### Work instruction
Among the entries that follow, locate the line with "Christian Dior Metallic" and the line with "Floor plan 1 Bed x 1 Bath - Birchwood I". Output those lines and all lines in between, exactly, minus the pictures.

======== Source material

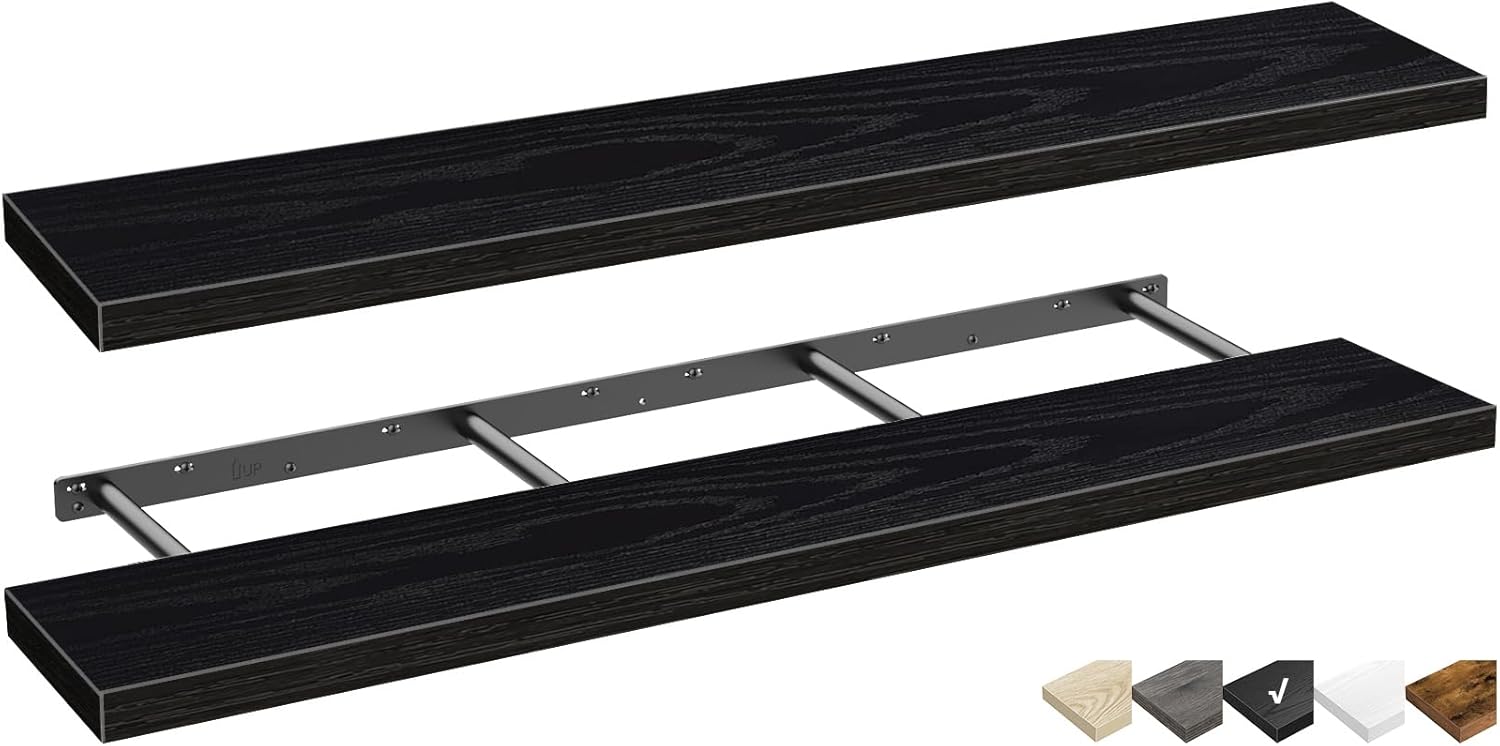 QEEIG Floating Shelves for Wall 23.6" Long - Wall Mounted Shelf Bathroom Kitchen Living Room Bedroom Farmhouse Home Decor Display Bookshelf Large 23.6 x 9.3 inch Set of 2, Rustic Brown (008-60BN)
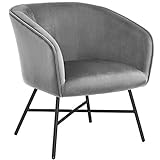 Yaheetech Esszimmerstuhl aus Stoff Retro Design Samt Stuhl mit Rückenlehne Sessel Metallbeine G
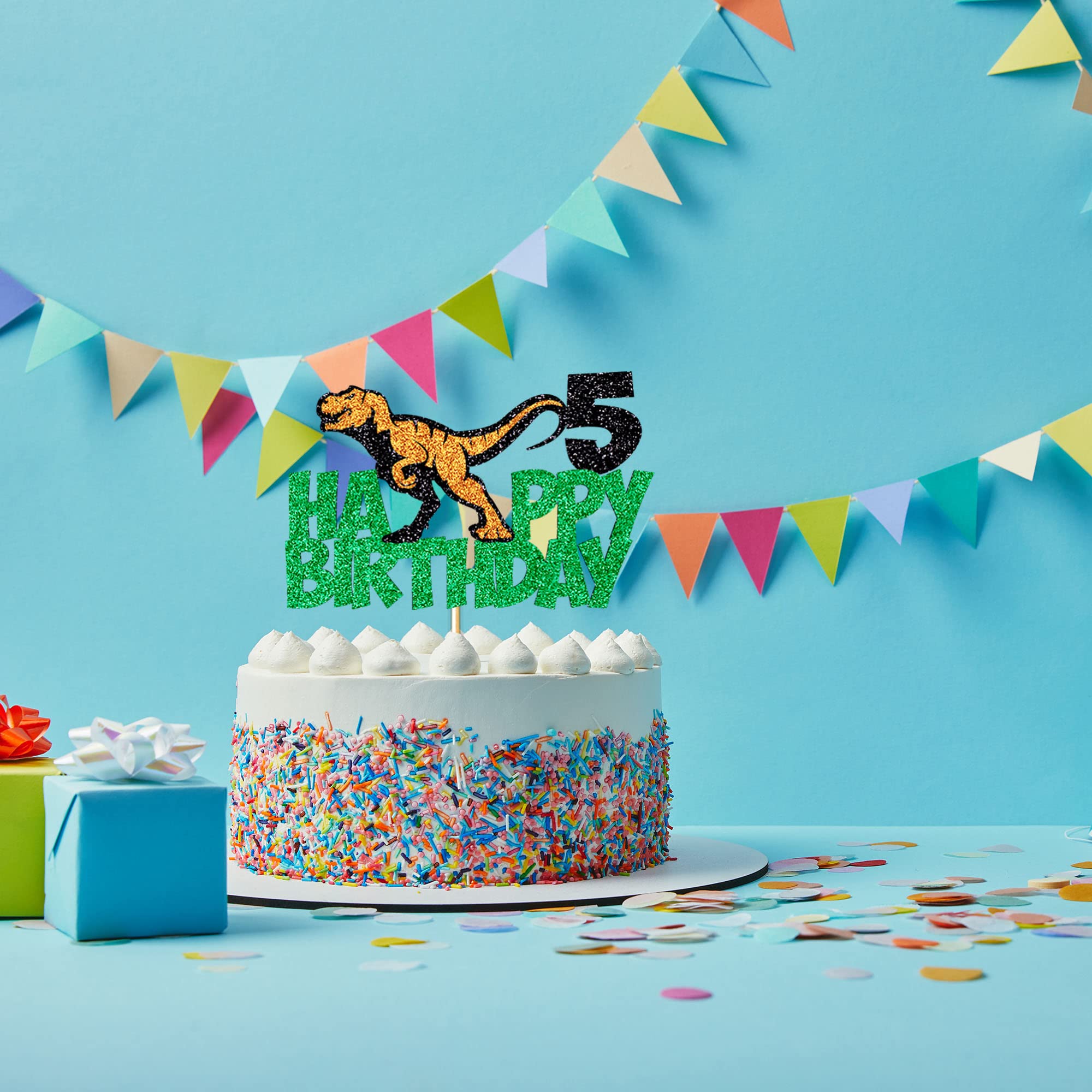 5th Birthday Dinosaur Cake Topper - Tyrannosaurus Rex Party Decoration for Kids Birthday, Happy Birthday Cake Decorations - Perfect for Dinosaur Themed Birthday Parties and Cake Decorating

================
======== Source material

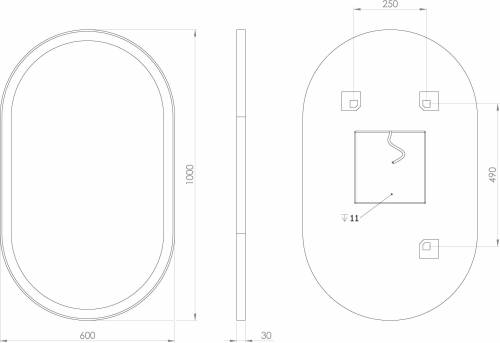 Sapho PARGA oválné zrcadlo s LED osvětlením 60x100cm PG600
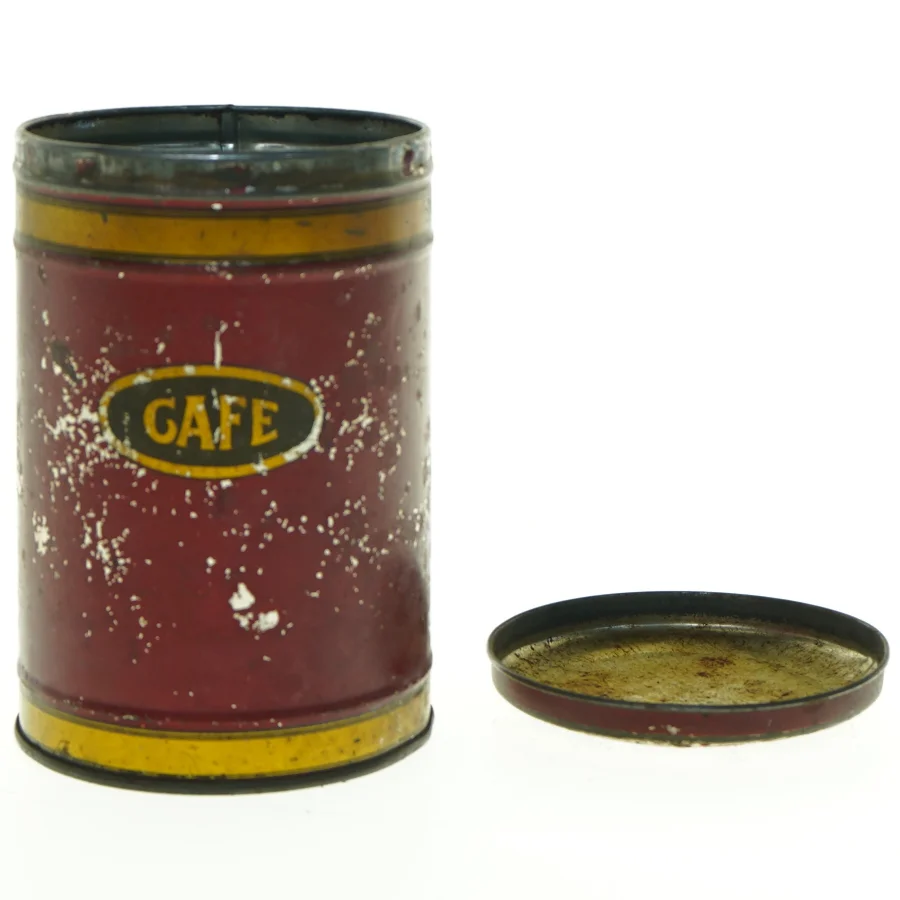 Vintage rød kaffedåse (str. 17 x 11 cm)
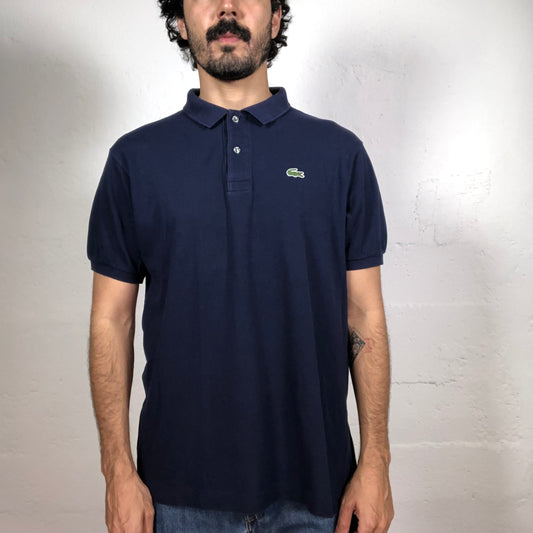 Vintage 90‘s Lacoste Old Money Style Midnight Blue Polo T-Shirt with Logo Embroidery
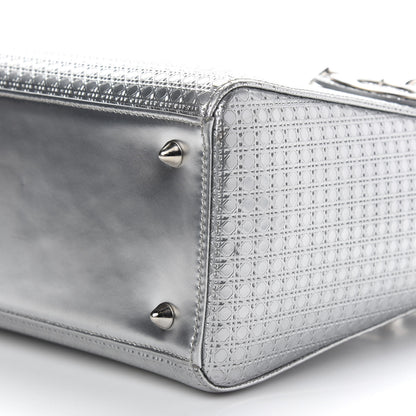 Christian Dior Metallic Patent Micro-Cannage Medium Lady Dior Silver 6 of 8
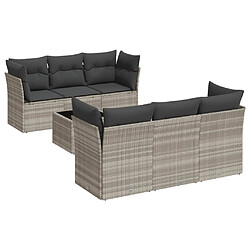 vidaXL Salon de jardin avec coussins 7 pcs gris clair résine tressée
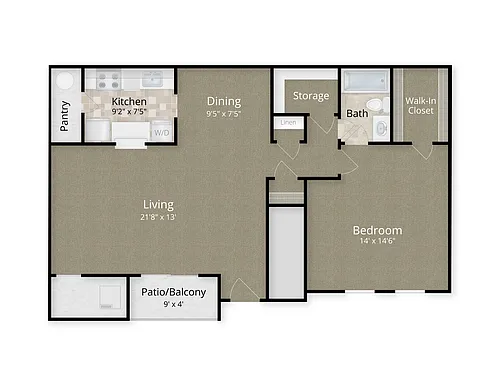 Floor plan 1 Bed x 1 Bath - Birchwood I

================

### Answer
 Christian Dior Metallic Patent Micro-Cannage Medium Lady Dior Silver 6 of 8
 vidaXL Salon de jardin avec coussins 7 pcs gris clair résine tressée
 Floor plan 1 Bed x 1 Bath - Birchwood I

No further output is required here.